The big news right now is that Left Bank Productions and ITV are going to start filming Aftermath in April with Stephen Tompkinson as Alan Banks. He’s thrilled about the role and I’m thrilled to have him in the part. He’s an extremely popular actor in the UK – some of you may know him from Ballykissangel and Wild at Heart, and he was terrific in the movie Brassed Off.

With Left Bank and ITV involved, I would also expect the highest standards in production values. At the moment, I have no other details on casting (no more, “Who’s going to play Annie?” please. I don’t know yet.) or on where it’s going to filmed. I can only hope it’s somewhere in the Yorkshire Dales. Aftermath is only a pilot, so anything (or nothing) could happen, but with the screenplay I’ve read and Stephen Tompkinson in the lead, it has every chance of developing legs, as they say, so let’s hope for a long-running series to rival Morse, Frost and Midsomer Murders. The Daily Mirror printed the story here.

The new Banks novel Bad Boy is finished all but the printing and binding, and it should be out in the UK in early August 2010, and in North America a short while later. I will be touring in the UK, Australia, New Zealand, the USA and Canada in August and September this year. I’ll post details when I have them. Bad Boy begins when a distraught woman arrives at the Eastvale police station desperate to speak to Banks. Since he is on holiday, Annie Cabbot, steps in. The woman tells Annie that she’s found a loaded gun hidden in the bedroom of her daughter, Erin, and when an armed response team goes to the house to retrieve the weapon, a straightforward procedure quickly spirals out of control. But this is ony the beginning. It turns out that Erin’s best friend and housemate is none other than Tracy Banks, who was last seen racing off to warn the owner of the gun, a very bad boy indeed. Thrust into a complicated and dangerous case intertwining the personal and the professional as never before, Annie and Banks – a bit of a bad boy himself – must risk everything to outsmart a smooth and devious psychopath. But this time it’s not just Banks’s career hanging in the balance, it’s also his daughter’s life.

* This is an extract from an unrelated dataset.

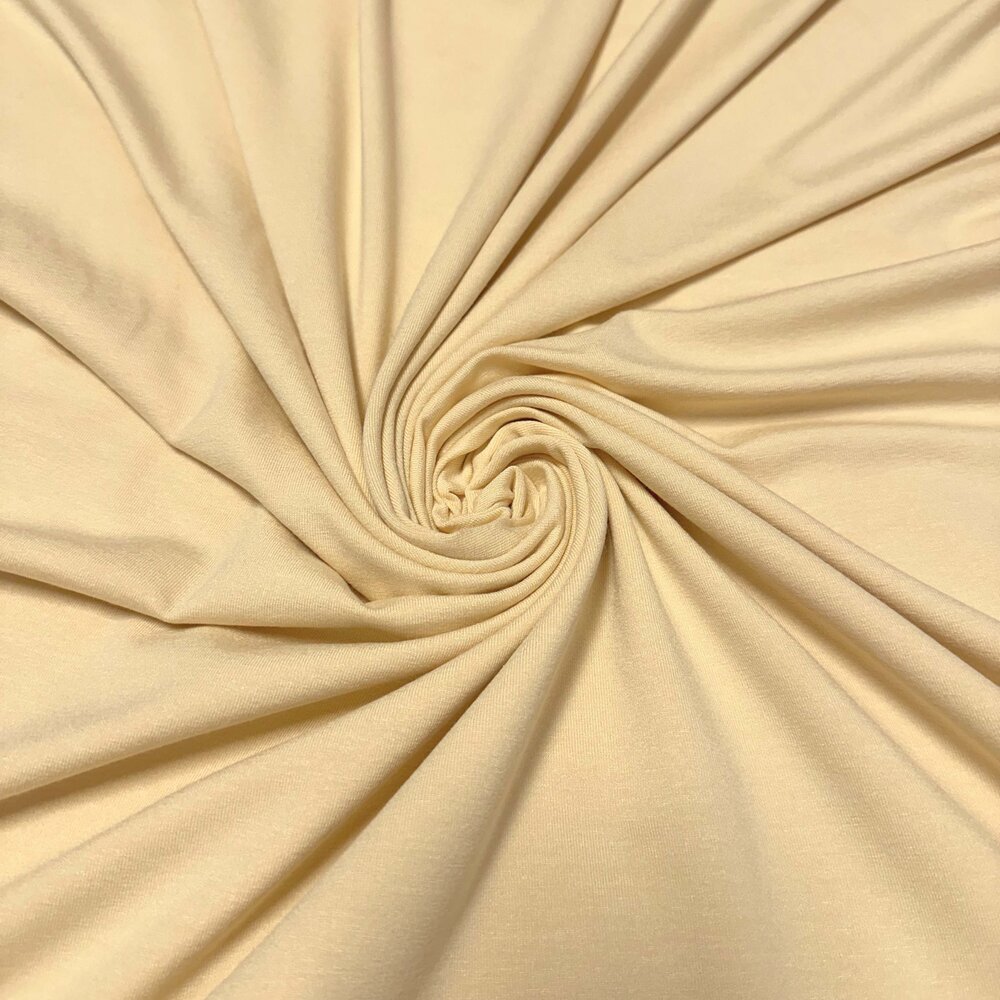 Viscose Jersey 4541 - geel Viscose Jersey 4541 - geel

The paperback edition of The Price of Love is coming out from Hodder in the UK on February 18. I don’t have details on US and Canadian publication yet, but I would guess at late spring or early summer. Even for those of you who don’t like short stories and have complained to me about the lack of a Banks novel in 2009 (Oh yes, people do, you know), it’s worth the price for the Banks novella, “Like a Virgin,” which details his last case in London before heading up to Yorkshire. Look at is as a slightly shorter than usual Banks novel!

I don’t have many events coming up in the near future, but I will be at Sleuthfest, in Florida, February 26-28 and at Bloody Words in Toronto, May 28 to 30. I will also be in Paris for the Salon du Livre on the weekend of March 27, and in Horsens, Denmark, for the annual crime festival on April 10. I may also be doing bookshop events in Paris and Copenhagen, so keep your eyes on your local stores. I also expect to be at the London Book Fair in April.

I don’t get the chance to answer every email and request I get, and for that I apologise. Some of you have asked for signed bookplates recently. As it happens, I don’t have any, but I will get some. You may have to wait a little while, so please be pateient. I also don’t have signed photographs – I’m not an actor or a rock star! – and they may be a little more difficult to come across. Honestly, this business used to be about writing books, really… Oh, and, finally, I’ll have the Bad Boy playlist up very soon. There’s a lot of interesting music on it for those of you who like that aspect of the books. For those who don’t, well, you don’t have to look at it!